Your specific reasons in September for not allowing me to VBAC at the base hospital were: 1) the base hospital does not have enough blood for my type of emergency, 2) the base hospital does not have a NICU and 3) the nurses in your hospital would not be prepared for my type of emergency. I am honestly confused why, four months later, and only after you discovered I will be doing a home birth, the hospital’s capacity to support me has changed. The tone of my email may give you the impression that I am angry with you and the base hospital, but this is not the case. I know your hands are tied in many ways because of ACOG requirements and risk of malpractice suits. However, those hospital concerns should not affect me or my baby when it comes to the best way to bring her into the world. I am thankful that in this country home birth is still an option and I hope that when my daughters have their babies, the option will still be there for them.

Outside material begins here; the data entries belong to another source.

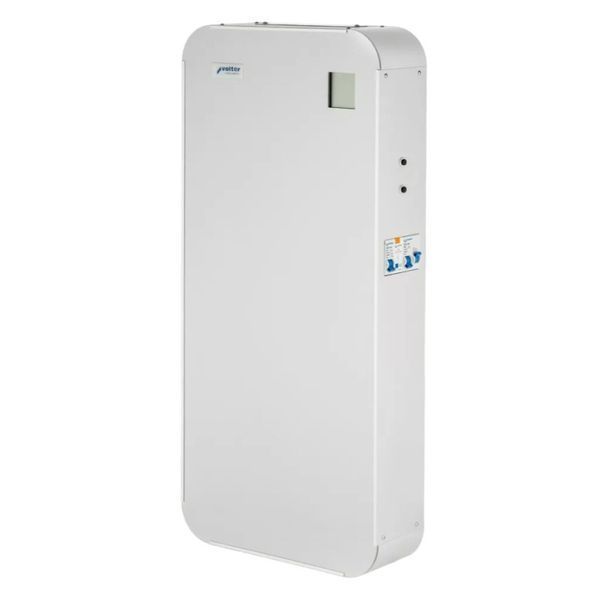 Стабілізатор напруги Volter Smart-9 el-31384 фото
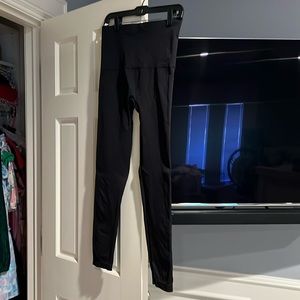 Spanx xl legging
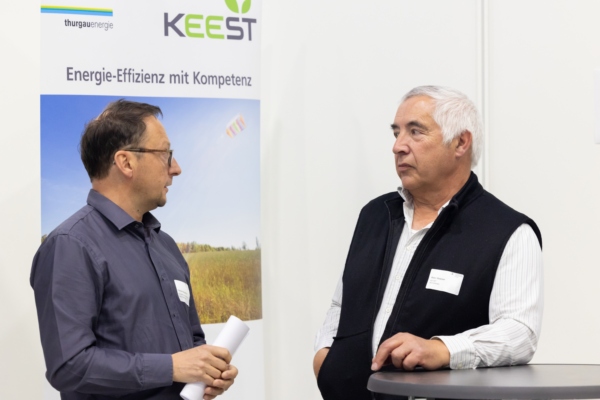 Thurgauer Technologietag 2025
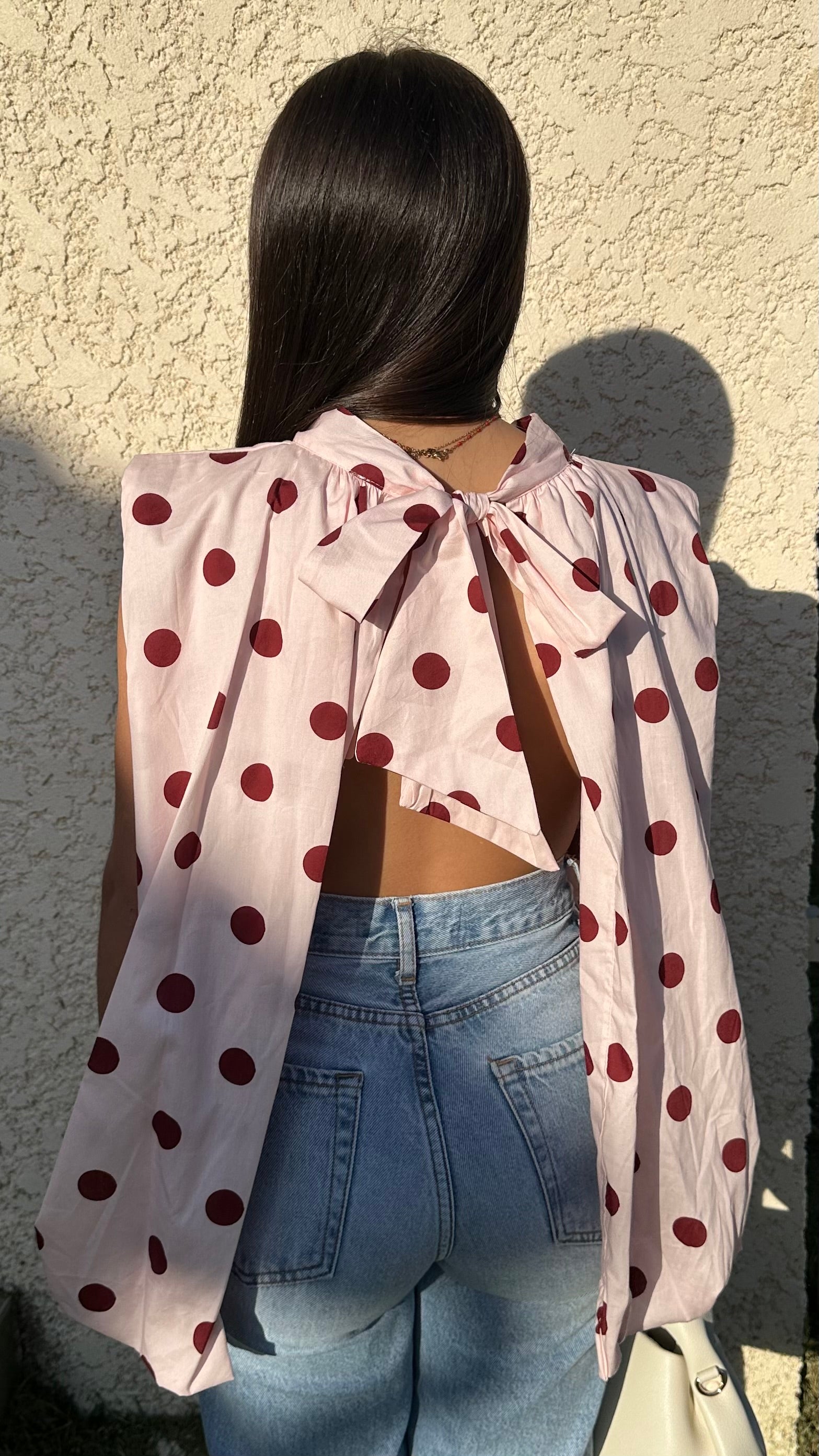 Blouse Ella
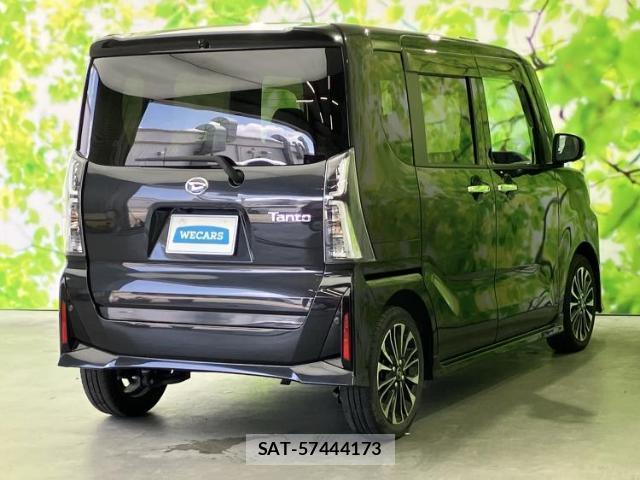 Daihatsu TANTO 2023-11 8552563-2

I feel certain that the best place for me to birth my baby is at HOME, despite the scars on my uterus. I have looked at my risks and I know that I am healthy, my baby is healthy, and our chances of a rupture are very low. I do not consider myself a “high risk” case, as you apparently do, and my midwife agrees with me. She has attended over 1000 births, 300 of which were VBACs (some after four cesareans!). She has never seen a rupture and has certainly never seen an infant demise. I am certain that she and I will know whether my baby and my body are progressing well in natural childbirth. Her equipment, her knowledge and her personal relationship with me and my baby make her well equipped to know whether either of us is in distress early enough to transport me to the hospital in a timely manner. I know I am in good hands.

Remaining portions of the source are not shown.